Security Agencies Blamed for Rights Violation in South Sudan

A United Nations (UN) report released by Human Right Division and the United Nations Mission in South Sudan (UNMISS), has blamed South Sudan’s security agencies — the army (Sudan People’s Liberation Army [SPLA]) and the police — for violation of freedom of expression in the country.

The report mentioned incidents which included the killing of two people, arbitrary arrest and detention of 58 others and dismissal of 16 people from their jobs, blocking websites, censoring newspaper articles and closure or suspension of media houses.

According to the UN report, the government agencies target people with views that were critical of the South Sudanese government.

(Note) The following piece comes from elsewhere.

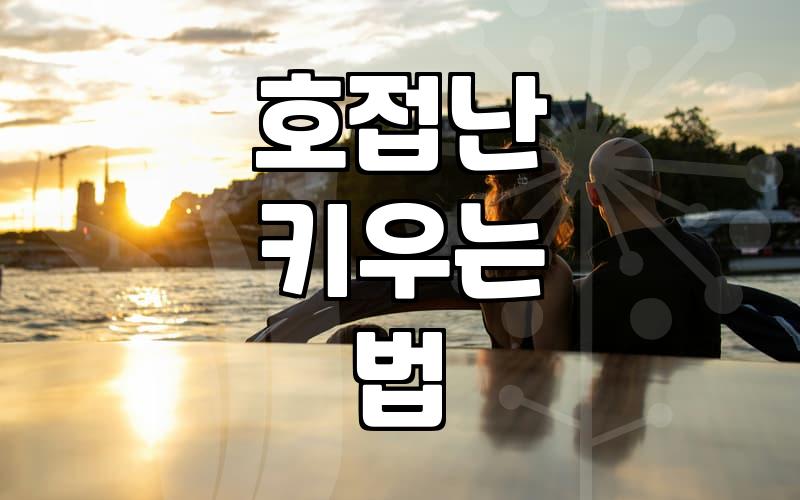 개업이나 승진 축하용 서양난, 오래 두고 관리하는 방법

“The report found that government security forces, including the National Security Service (NSS), Sudan People’s Liberation Army (SPLA), and the South Sudan Nation Police Service (SSNPS), were responsible for two thirds of the verified cases. It stated that the NSS’ broad powers of surveillance, arrest and detention, including the imbedding of its officers in some newspaper printing establishments, meant that people were deterred from participating and discussing the state of the country or human rights. It has led to a growing climate of self-censorship,” The UN report reads

The Special Representative of the Secretary –General and Head of UNMISS, David Shearer, called for genuine inclusivity of all voices in South Sudan for the attainment of peace.

It is vital that the voices of all the people of South Sudan are heard so that genuine, inclusive and durable peace can be achieved,” said Shearer.

“All parties to the conflict must respect people’s right to freedom of expression regardless of their ethnicity, beliefs or political views.”

South Sudan’s government spokesperson wasn’t available for comment.